Error correction efficiency refers to the ease with which the participant performed error correction.
- Correction Efficiency = IF/F
Participant conscientiousness is the ratio of corrected errors to the total number of error, which helps distinguish perfectionists from apathetic participants.
- Participant Conscientiousness = IF / (IF + INF)
If C represents the amount of useful information transferred, INF, IF, and F represent the proportion of bandwidth wasted.
- Utilized Bandwidth = C / (C + INF + IF + F)
- Wasted Bandwidth = (INF + IF + F)/ (C + INF + IF + F)

====Total error rate====
The classes described also provide an intuitive definition of total error rate:

- Total Error Rate = ((INF + IF)/ (C + INF + IF)) * 100%
- Not Corrected Error Rate = (INF/ (C + INF + IF)) * 100%
- Corrected Error Rate = (IF/ (C + INF + IF)) * 100%

Since these three error rates are ratios, they are comparable between different devices, something that cannot be done with the KSPC statistic, which is device dependent.
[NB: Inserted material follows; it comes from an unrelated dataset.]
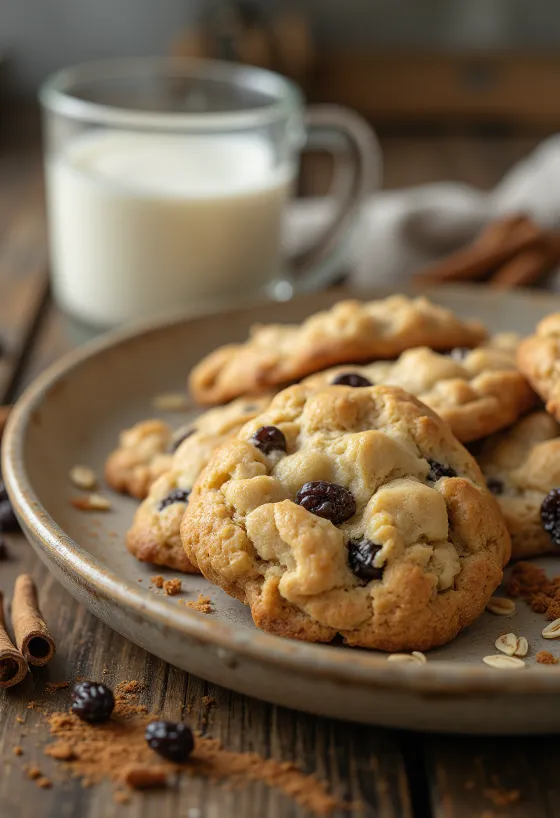 Cookie de passas recém-assado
===Tools for text entry research===
Currently, two tools are publicly available for text entry researchers to record text entry performance metrics. The first is TEMA that runs only on the Android (operating system). The second is WebTEM that runs on any device with a modern Web browser, and works with almost all text entry technique.

==Keystroke dynamics==
Keystroke dynamics, or typing dynamics, is the obtaining of detailed timing information that describes exactly when each key was pressed and when it was released as a person is typing at a computer keyboard for biometric identification, similar to speaker recognition. Data needed to analyze keystroke dynamics is obtained by keystroke logging.

The behavioral biometric of Keystroke Dynamics uses the manner and rhythm in which an individual types characters on a keyboard or keypad.